◆ Given records
★ ★ ★
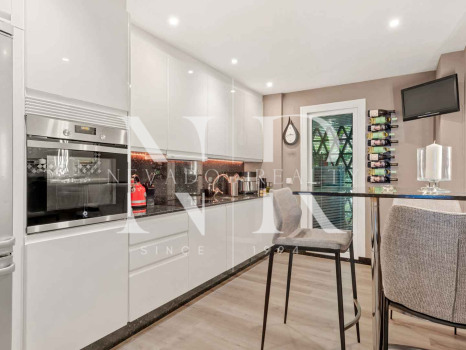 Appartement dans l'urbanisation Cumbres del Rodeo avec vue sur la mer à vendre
★ ★ ★
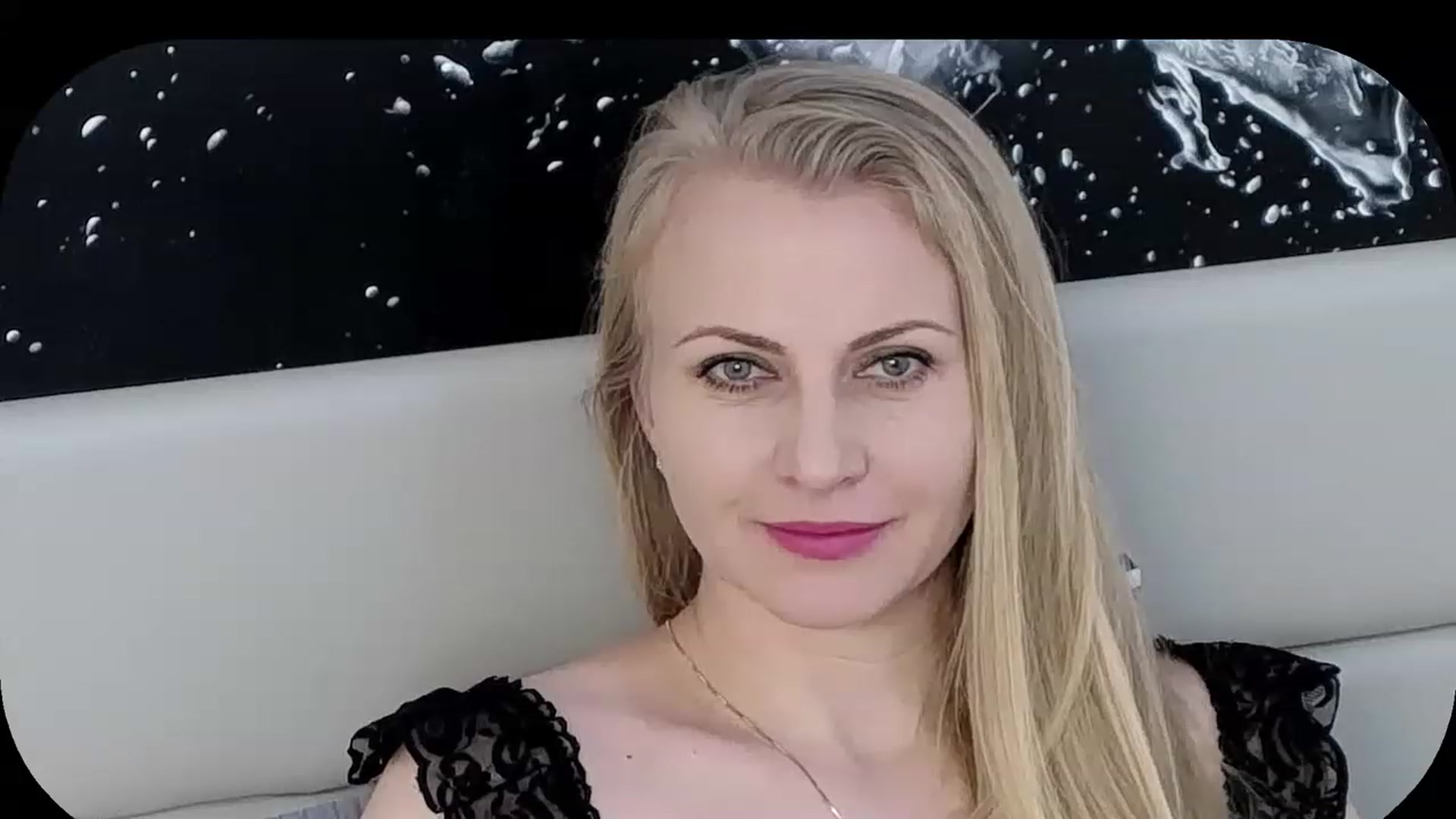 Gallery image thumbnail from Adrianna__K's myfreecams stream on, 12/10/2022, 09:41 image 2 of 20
★ ★ ★
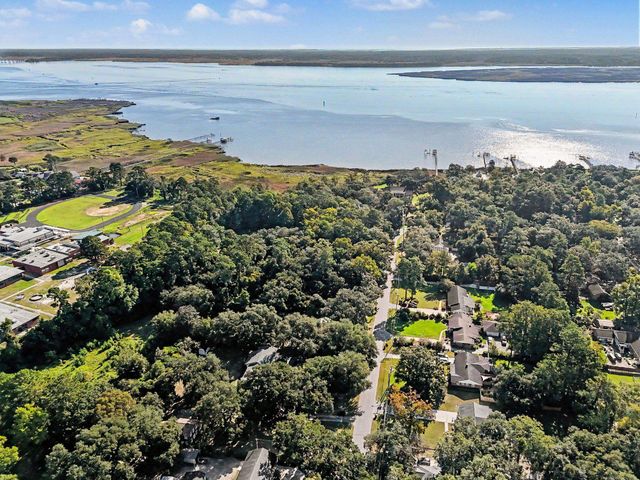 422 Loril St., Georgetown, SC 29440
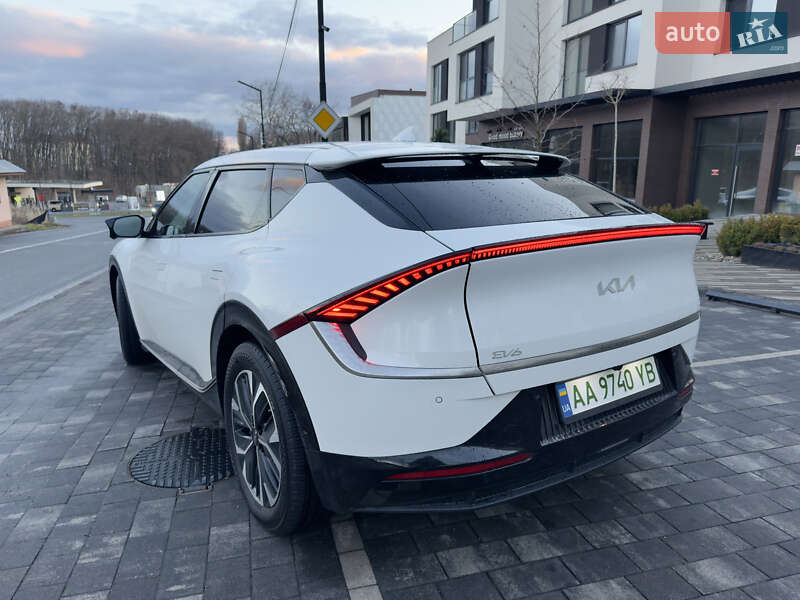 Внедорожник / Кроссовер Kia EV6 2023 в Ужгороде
★ ★ ★
◆ Task brief
Print, word for word, the lines above that run from the line containing "422 Loril St., Georgetown, SC 29440" to the line containing "Внедорожник / Кроссовер", both included. Keep the pictures out.

◆ Exercise solution
 422 Loril St., Georgetown, SC 29440
 Внедорожник / Кроссовер Kia EV6 2023 в Ужгороде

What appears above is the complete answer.